A rendição consumada

A rendição consumada

Medidas das últimas semanas aprofundam processo de desnacionalização da economia e entrega do país. Estrutura do Estado sob ataque e direitos dos trabalhadores na mira. Governo elimina as últimas diferenças com o programa econômico tucano

No dia 25 de julho, pressionado pela gritaria armada pela imprensa monopolista em torno do acidente do aeroporto de Congonhas, Luiz Inácio destituiu o ministro da Defesa, Waldir Pires, e colocou no posto o ex-ministro da Justiça e ex-ministro do STF, Nelson Jobim.

Aos 81 anos, Pires não mostrava o pulso necessário para o cargo e há muito estava desprovido de efetivo poder decisório. Nem por isso deixa de ser digna de nota a medida, ao menos sob o ponto de vista simbólico.

O ministro sainte, em que pese a gestão desastrada, é um homem digno, com uma biografia forjada nas lutas democráticas e nacionalistas do último meio século.

O entrante, além de haver-se notabilizado — como advogado, deputado, ministro da Justiça e ministro do STF — pela defesa dos piores interesses, é homem do círculo íntimo de Cardoso. Alguns ainda se lembram da ridícula cena em que os dois — sendo então um o chefe do Executivo e o outro ministro do Supremo — aparecem tomando banho de mar em Ilha Grande, em 2002.

Simultaneamente, foi anunciada a privatização de metade da Infraero, como vinha sendo exigido pelo capital transnacional e associado através de seus porta-vozes autorizados na imprensa monopolista. Um deles o ex-ministro Delfim Netto, declarara-se, uma semana antes, arrependido de haver participado da criação da empresa.

A anunciada entrega dos aeroportos não foi a única concessão de relevo que o grande capital arrancou da administração federal. Na realidade, ela apenas coroa uma sequência de acontecimentos que vinha se desenrolando em ritmo acelerado nas semanas anteriores.

Diferenças eliminadas

Se a gerência petista assumiu desde seu início o papel de administradora do sistema de poder vigente, mantendo as linhas mestras da condução econômica sob Cardoso e desdobrando-se para agradar o setor financeiro — força hegemônica do pacto de poder forjado na década de 90 —, é certo, por outro lado, que subsistiram, durante seu primeiro mandato, diferenças secundárias relativamente à orientação tucana. Como exemplo, pode-se citar a interrupção das privatizações e a recomposição parcial do serviço público, devastado pelo coquetel de terceirização, sucateamento e suspensão de concursos durante os anos Cardoso.

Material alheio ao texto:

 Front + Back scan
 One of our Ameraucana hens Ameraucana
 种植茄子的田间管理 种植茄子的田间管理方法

São justamente essas diferenças — resultantes, talvez, do maior peso relativo da burguesia burocrática sob a gerência Luiz Inácio, ao passo que na de Cardoso prevalecia a dominação externa em sua forma mais direta. Essas diferenças agora estão praticamente liquidadas, com a rendição definitiva da grande burguesia nativa como um todo, conseguindo ceder ainda mais às imposições de fora, num arranjo que tem no PAC — Programa de Aceleração do Crescimento sua expressão maior. O que os passos do governo nos últimos meses indicam é a adoção do programa econômico do PSDB — fragorosamente derrotado nas urnas em 2006.

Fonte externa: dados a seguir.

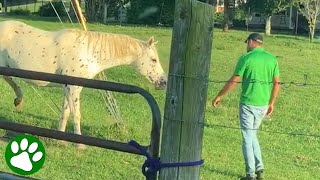 Horse whisperer saves trapped horse [upl. by Elisabet]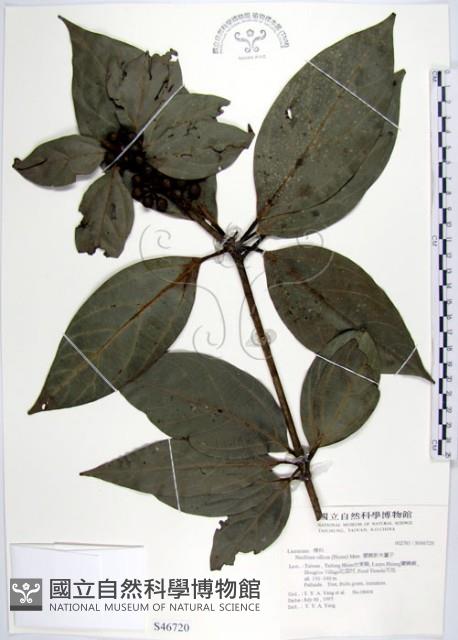 蘭嶼新木薑子藏品圖，第1張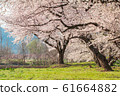 Beautiful cherry blossom or sakura in spring time 61664882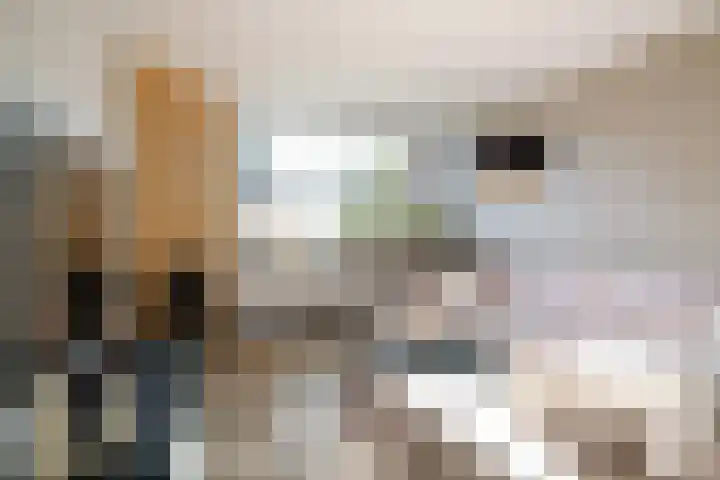 het Egbertink 16 Losser thumbnail 11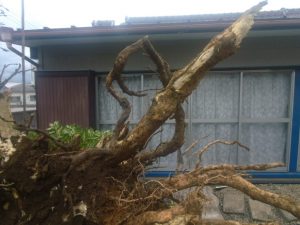 一番大きい庭木の根をユンボで掘り起こし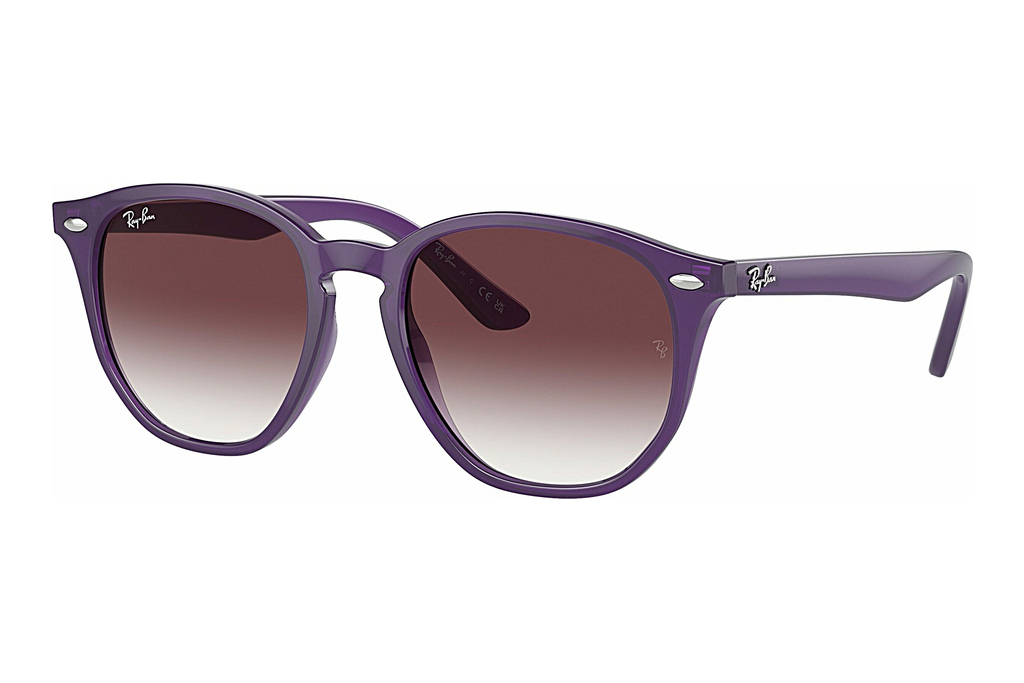 Ray-Ban Junior   RJ9070S 713136 Grey/VioletOpal Violet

O que se revela paradoxal é que, se no mandato obtido em 2002 — quando sua condução à chefia do Executivo federal teve como preço a infame carta de compromisso com os banqueiros — Luiz Inácio conseguiu preservar alguma diferença face ao seu antecessor. No mandato de 2006 — quando dizia ser contrário às privatizações —, essa diferença se anula.

Privatização retomada

A privatização do setor elétrico — que Cardoso e sua trupe haviam deixado engatilhada, mantida em banho-maria entre 2003 e 2006, é agora retomada. No dia 23 de julho, foi publicado o Decreto 6.161 — editado três dias antes —, incluindo nove linhas de transmis são de energia no Programa Nacional de Desestatização.

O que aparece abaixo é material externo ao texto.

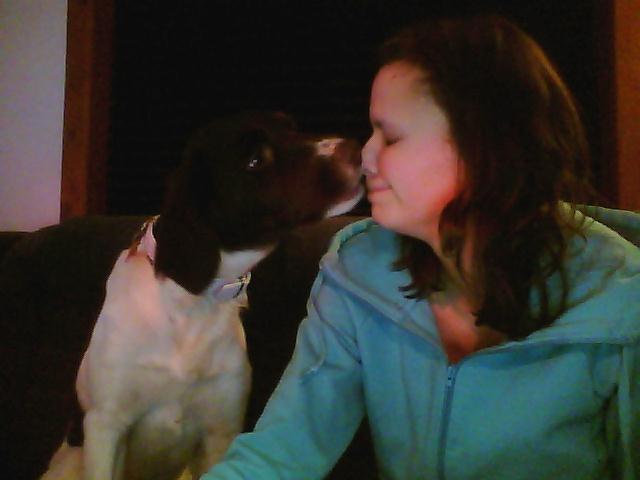 Kleiner münsterländer Molly billede 4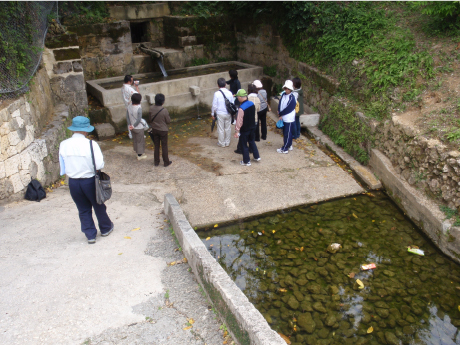 スポット名｜石積み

Pelo decreto, será privatizada a importante interligação Tucuruí-Manaus, que abrange o Amazonas e o Pará. Trata-se de um sistema integrado constituído por cinco linhas (Tucuruí-Xingu, Xingu-Jurupari, Juru-pari-Oriximiná, Oriximiná-Itacoatiara e Itacoatiara-Cariri) e quatro subestações (Juru-pari, Oriximiná, Itacoatiara e Cariri). A interligação Tucuruí-Macapá (AP), composta por duas linhas (Jurupari-Laranjal e Laranjal-Macapá) e duas subestações (Laranjal e Macapá) terá o mesmo destino.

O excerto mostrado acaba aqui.